左からジ・アブソリュートリー・パーフェクト・ワン、渡辺淳之介。

──確かにWACK所属グループはアイドルらしからぬ破天荒な展開をしてきましたね。

ジブ アイドルという存在だけど、派手なプロモーションがあったり、ムチャクチャなことをやらされていて(笑)。でも曲が超カッコよくて、ライブが超エモい。「マジカミ」もそういう要素ありきで作れたらいいなと思っていたので、お願いさせていただきました。

──どういう形でオファーをしたんですか?

ジブ エイベックスさんにつながりのある方がいまして、BiSHさんがエイベックスからメジャーデビューするタイミングだったこともあり、WACKさんには直接連絡せずにエイベックスの方に「BiSHさんにオファーお願いできないですか?」と話を通してもらったんですけど、大人の事情で実現できなくて。ただBiSさん、GANG PARADEさんなどWACKのアーティストに共通するバイブスを感じていたので、どなたか可能なグループがいれば、ぜひともやってほしいという気持ちに変わりはなく、次はWACKさんに直接連絡してオファーしました。

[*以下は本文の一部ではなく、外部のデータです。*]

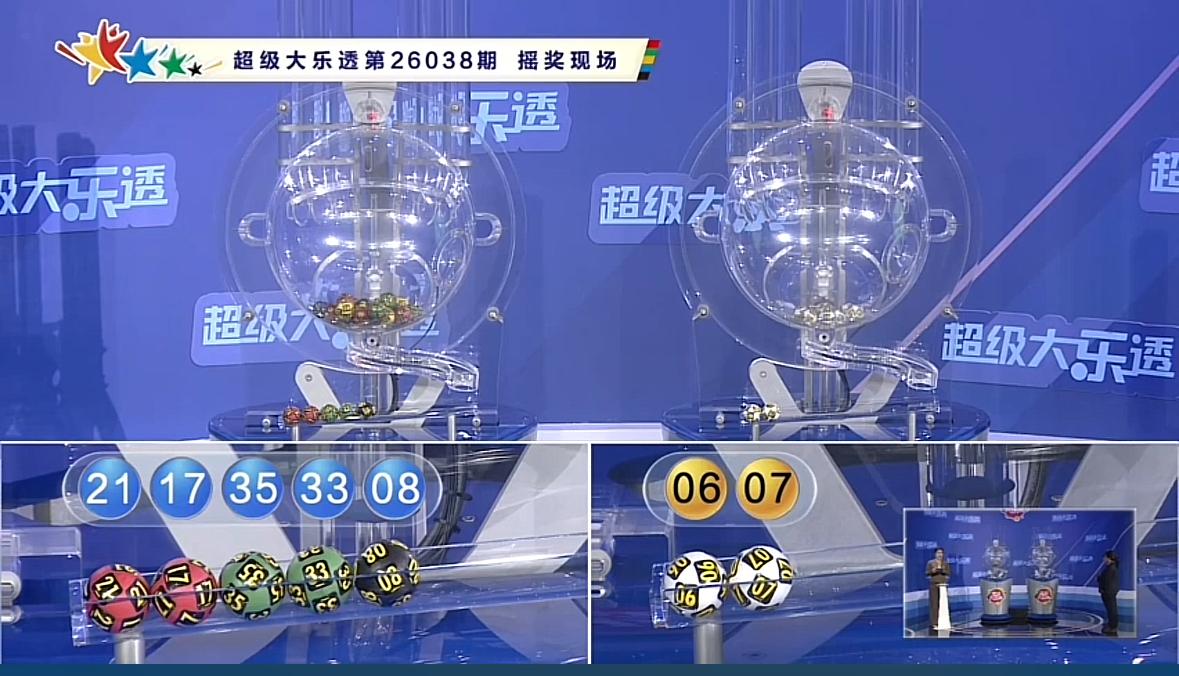 竟与上期双色球红球出现三个相同号码！大乐透第26038期开奖号码现已公布：前区0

渡辺 エイベックスの方たちは、18禁要素があるところを懸念していたんでしょうね。僕自身はあんまりそういう部分に関するアレルギーがないですけど。直接オファーをいただいた際に長文のメールが送られてきまして、熱意をもって連絡をいただけたことが僕自身うれしかったです。とりあえず1回話を聞いてみようと思いながら、「じゃあどのグループだったらできるんだろう?」と考えた末に提案させていただいたのがGANG PARADEでした。当時のGANG PARADEはなんでもやるイメージだったこともあって。

ギャンパレは今、一番勢いがある

──タイアップのオファーから3年半の間にギャンパレはメジャーデビューをするほど躍進しましたね。

渡辺 ちょっと開発が遅れていただいたおかげで(笑)。

ジブ ははは(笑)。

GANG PARADE

渡辺 非常にいいタイミングだと思いますよ。メジャーデビューもして、野音ワンマンも成功させて(参照:新生GANG PARADE、5年で到達した満員の日比谷野音ワンマンで新たなスタート切る)。今、一番勢いあるんで、オファーをいただいた当時よりすごくお得な条件だと思います(笑)。

ジブ 開発は遅れましたが、結果的にいいタイミングになってよかったです。

渡辺 タイアップ曲は楽しく制作させてもらいました。もともとWACKのグループを好きでいてもらっていたので、変なやり取りが発生することもなく楽しくやらせてもらった印象です。けっこう前に作った曲なのであんまり覚えてない部分もありますけど(笑)。

ジブ それこそレコーディングはEMPiREさんがデビューした時期だったと思うので、もう2年半以上前ですね。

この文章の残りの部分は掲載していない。